I,m wearing a pair of Nike ACG Cindercones for pruning. They are by far the highest performing boot for climbing. For removals I wear a pair of Lowa ATC. They are light, durable and are firm in the arch. I,ve been on the boot hunt for years these two boots are best I've found.


----------



## timberfell (Sep 12, 2003)

Here are my Lowa's. Great FL boot.

Kurt


----------



## timberfell (Sep 12, 2003)

That's way too big try this.


----------



## timberfell (Sep 12, 2003)

Here they are in action.

Kurt


----------



## John Paul Sanborn (Sep 12, 2003)

> _Originally posted by tjk _
> *I,m wearing a pair of Nike ACG Cindercones for pruning. *



Tod, how are they as far as "scree catchers"? The only kvetch I have on the rec boots I've been trying is that they funnel sawdust inside. I've actually developed some callusing on the top of my ankles from this  

Not too comfortable. When doing al lot of cahinsaw work, Ive taken to wearing hiking gators to keep the crap out of my boots.


----------



## tjk (Sep 13, 2003)

I do bring home a bit of company saw dust. I only wear them pruning so its not too bad. My lowa are for removals and ground work and they come up higher about 6"


----------



## MasterBlaster (Sep 13, 2003)

I gave up half-boots years ago, I got tired of bringing home sawdust every night.


----------



## John Paul Sanborn (Sep 13, 2003)

Tod, you should a scheduled the Devils lake climb a few weeks earlier.

It rained last year too 

Been getting steady drizzle since yesterday afternoon with a few spates of heavy rain. 

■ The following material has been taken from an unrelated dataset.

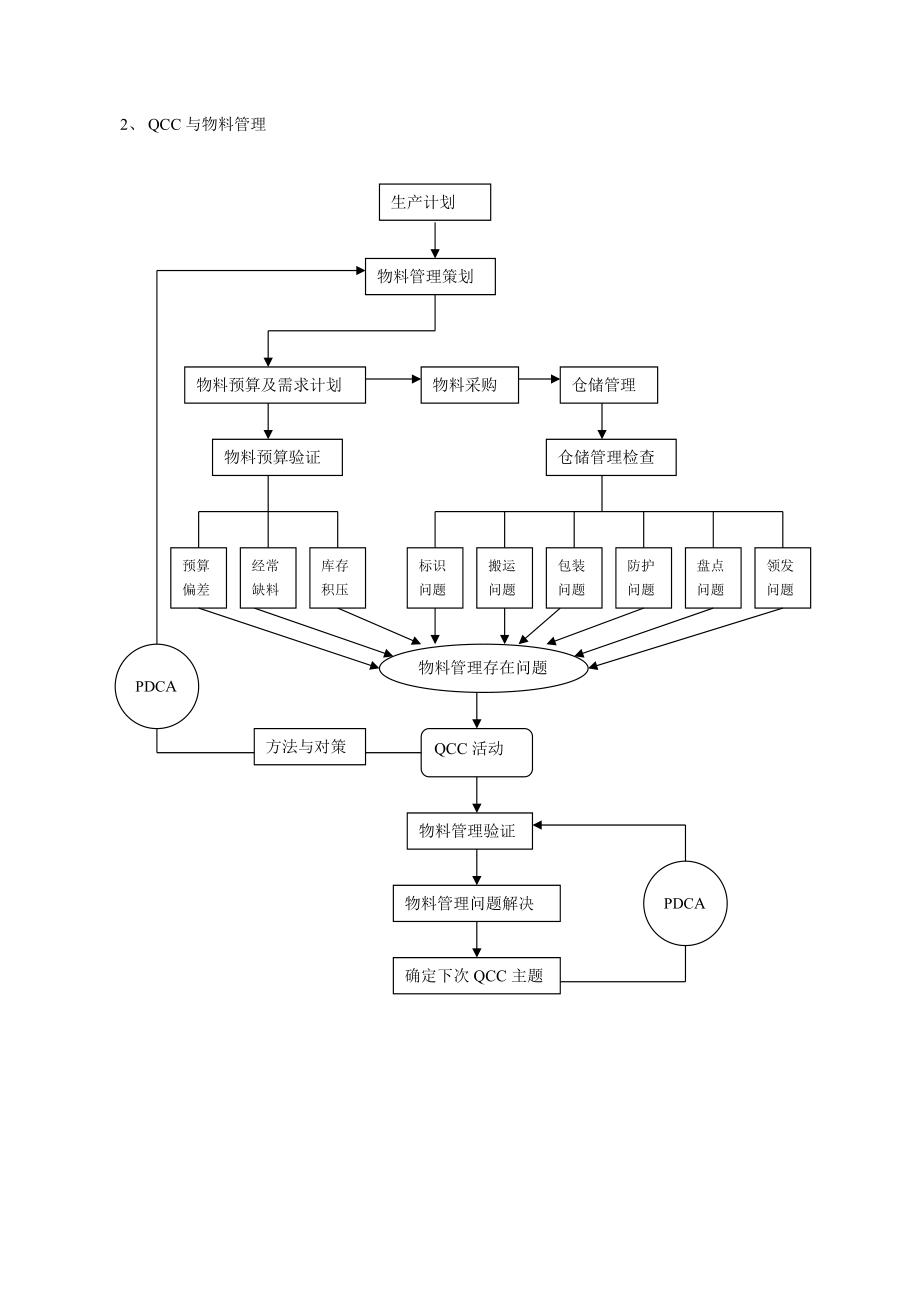 QCC品管圈基础知识6874589.docx_第3页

Woulda been mizzzzerable tent weather.

So if we have a dorught next year, just shcedule the climb to bring hte rain on in.


----------



## Tree Machine (Sep 14, 2003)

*Sawdust down the front of the boots*



> The only kvetch I have on the rec boots I've been trying is that they funnel sawdust inside



That used to annoy the crap out of the Tree Machine, too, but I found a really simple solution. -TM-


----------



## John Paul Sanborn (Sep 14, 2003)

I cant help it with the floods. They dont make heavy work pants in my inseam. 

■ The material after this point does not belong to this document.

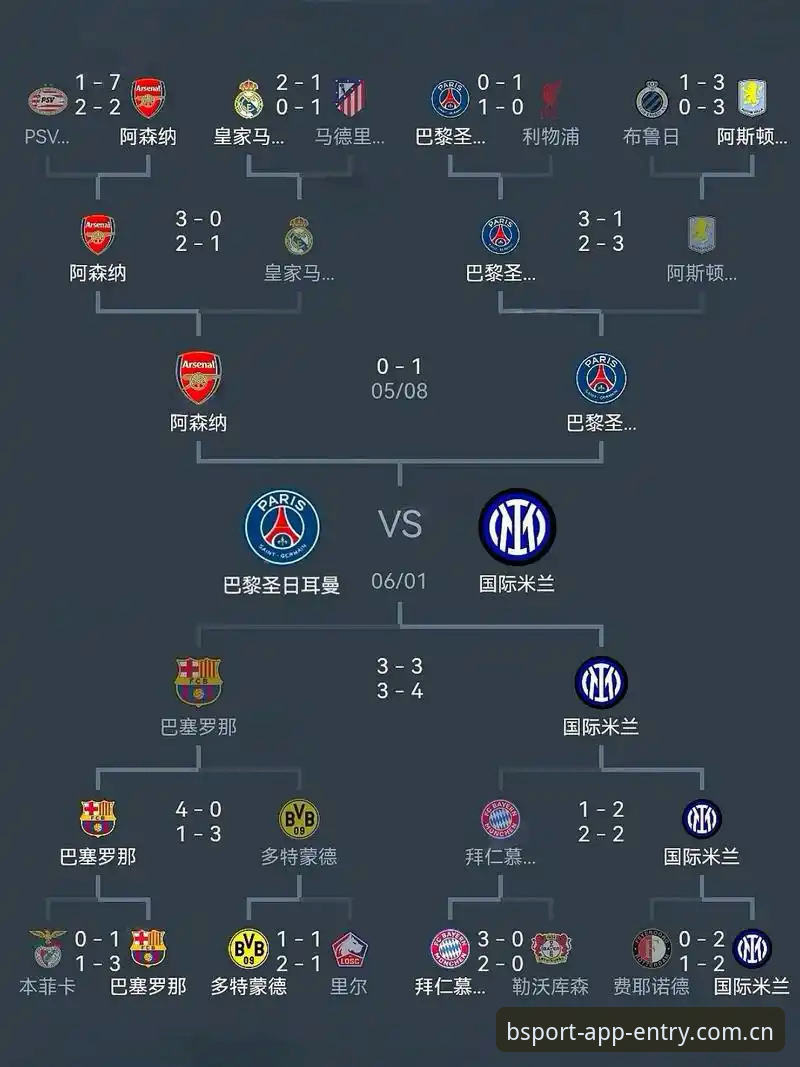 欧联杯决赛盛宴：埃梅里五冠封神，维拉复兴之夜详解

Outseam/rise are things I only dream about, even in casual clothes.

I'm on the verge of looking for a custom fabricator so that I can have something comfortable that my shirts will stay tucked inot and will cover my boot tops when I bend my leg 

Usually is sucks being big.

No, the big & fat stores dont have anything for the likes of me. Too tall and not round enough.

Even if I sewed a button hole over that neat little fix, I would just end up ripping the hem of my pants.


----------



## Tree Machine (Sep 14, 2003)

*Bad sawdust.. BAD !*

Sawdust down the front of my boot really used to annoy me.. wait, here ya go TREETX The Tree Machine has always been really perturbed about sawdust funnelling down the inside tongue of his boots. Here's another way he's combatted the situation (see image)

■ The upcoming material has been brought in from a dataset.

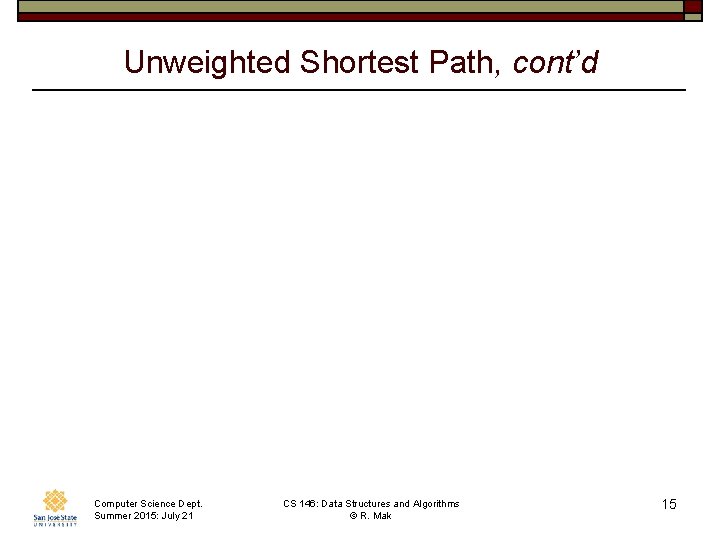 Unweighted Shortest Path, cont’d Computer Science Dept. Summer 2015: July 21 CS 146: Data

He normally wears a 32" inseam, but now The Tree Machine goes to the thrift store to buy work pants and has begun buying the longer 34" length. This allows the thrifty shopper treeguy to put a short split up both the inside and outside of his pant cuff seams, thus allowing him to have greater covering over the top of his boots.


----------



## MasterBlaster (Sep 14, 2003)

The Commander, from WallyWorld.

NO sawdust.


----------



## TREETX (Sep 14, 2003)

The Treetx uses long bootcut jeans ($20 oldnavy). They are super comfy. Don't see how some of the people climb or do anything in (W)Stranglers.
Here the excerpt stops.